# SQL- Datenbank 1.PK zu 2.FK



## Zakon (2. Dez 2020)

Hallo,
ich befasse mich gerade mit dem Thema SQL und habe das Problem,dass ich eine Datenbank erstellt habe mit:
Firmen(3)
Mitarbeiter(9)
Produkte(7)

Die Firmen habe ich jewils mit einer Fimren_ID zu den Mitarbeitern verknüpft und die Mitarbeiter mit einer Mitarbeiter_ID zu den Produkten 
ID 1(PK)
Mitarbeiter XYZ

ProduktID 1
Produkt XYZ
Mitarbeiter_ID 1(FK)

Jetzt möchte ich aber, dass mehrere Mitarbeiter an einem Produkt arbeiten. Ist es möglich bei den FK z.B. 1,2 fest zu legen?
Wenn ja?
Danke im Vorraus


----------



## mihe7 (2. Dez 2020)

Zakon hat gesagt.:


> Ist es möglich bei den FK z.B. 1,2 fest zu legen?


Nein.

Du hast hier eine n:m-Beziehung, d. h. einem Mitarbeiter können mehrere Produkte zugeordnet sein und umgekehrt sollen nun einem Produkt mehrere Mitarbeiter zugeordnet sein können. 

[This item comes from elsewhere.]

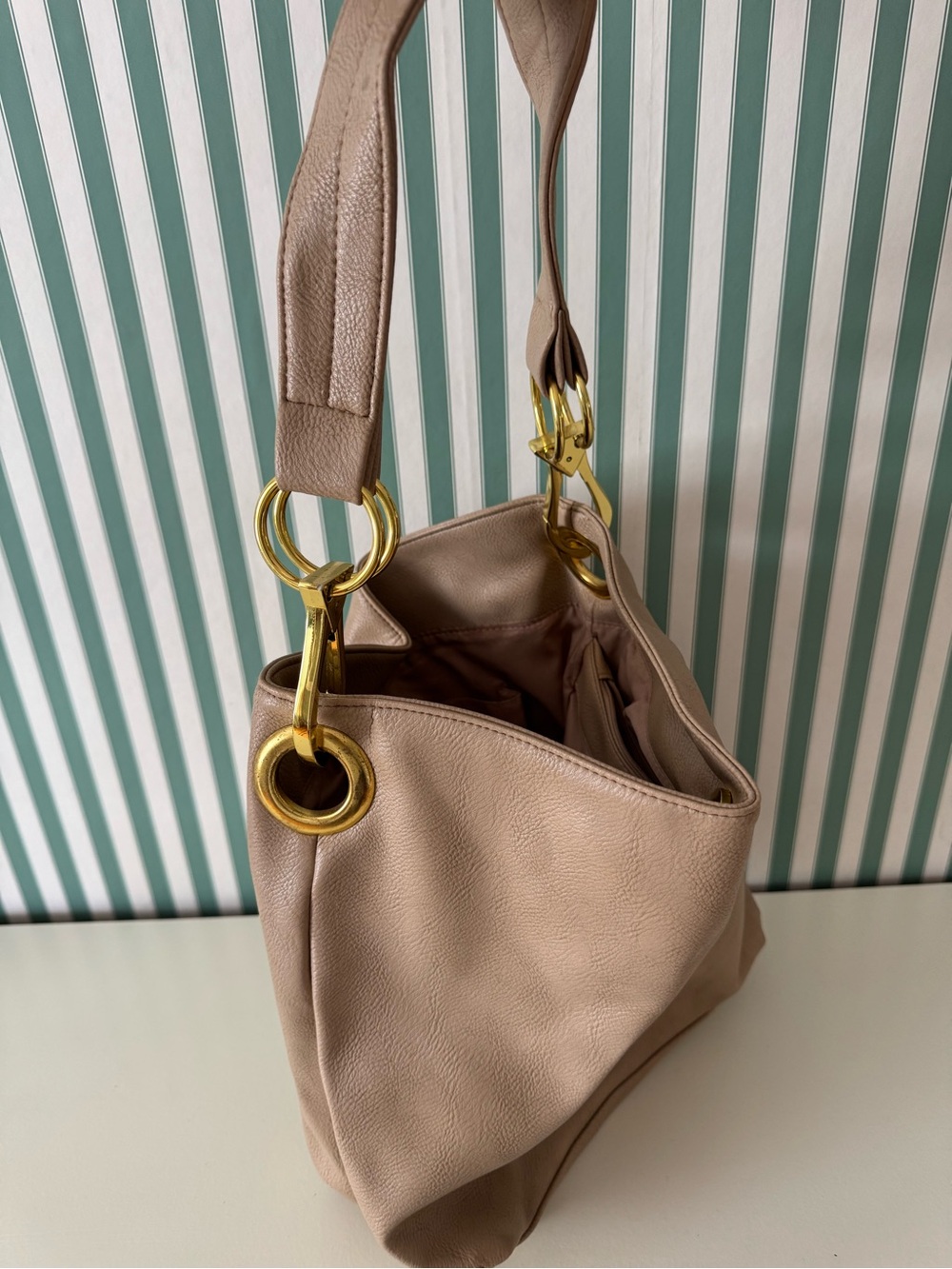 Braciano Neutral Tan Leather Shoulder Bag with Gold Hardware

Das funktioniert über eine zusätzliche Tabelle, die diese Beziehung darstellt:
MITARBEITER_PRODUKT
------------
Mitarbeiter_ID
Produkt_ID

Die beiden Spalten stellen dann auch den Primary Key dieser Tabelle dar.


----------



## Zakon (2. Dez 2020)

Danke dir  Logisch wenn man mal nachdenkt 😁


----------



## mihe7 (2. Dez 2020)

Noch besser ist es, wenn man vordenkt


----------